→ Data extract
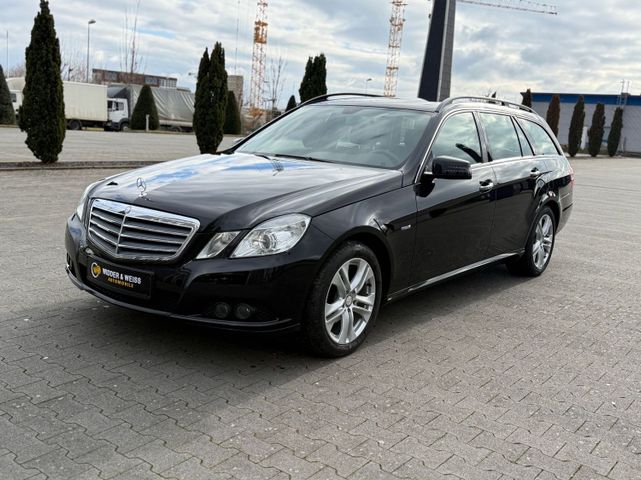 Mercedes-Benz E 220 CDI AUTOMATIK/NAVI/LEDER/AHK/STZHZG/TEMP/M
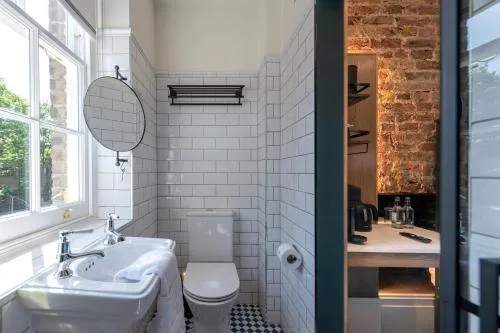 The Crown Pub & Guesthouse photo 15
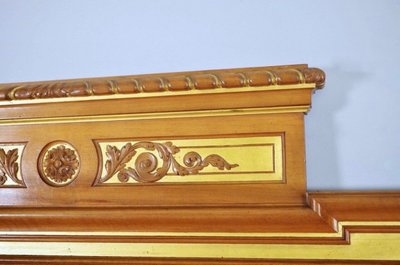 Important miroir Louis XIV en noyer et bois doré, vers 1900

→ About this exercise
Restate word for word only the lines from the one with "The Crown Pub & Guesthouse photo 15" through the last line of the material, both included. Any picture should be left out.

→ Task answer
 The Crown Pub & Guesthouse photo 15
 Important miroir Louis XIV en noyer et bois doré, vers 1900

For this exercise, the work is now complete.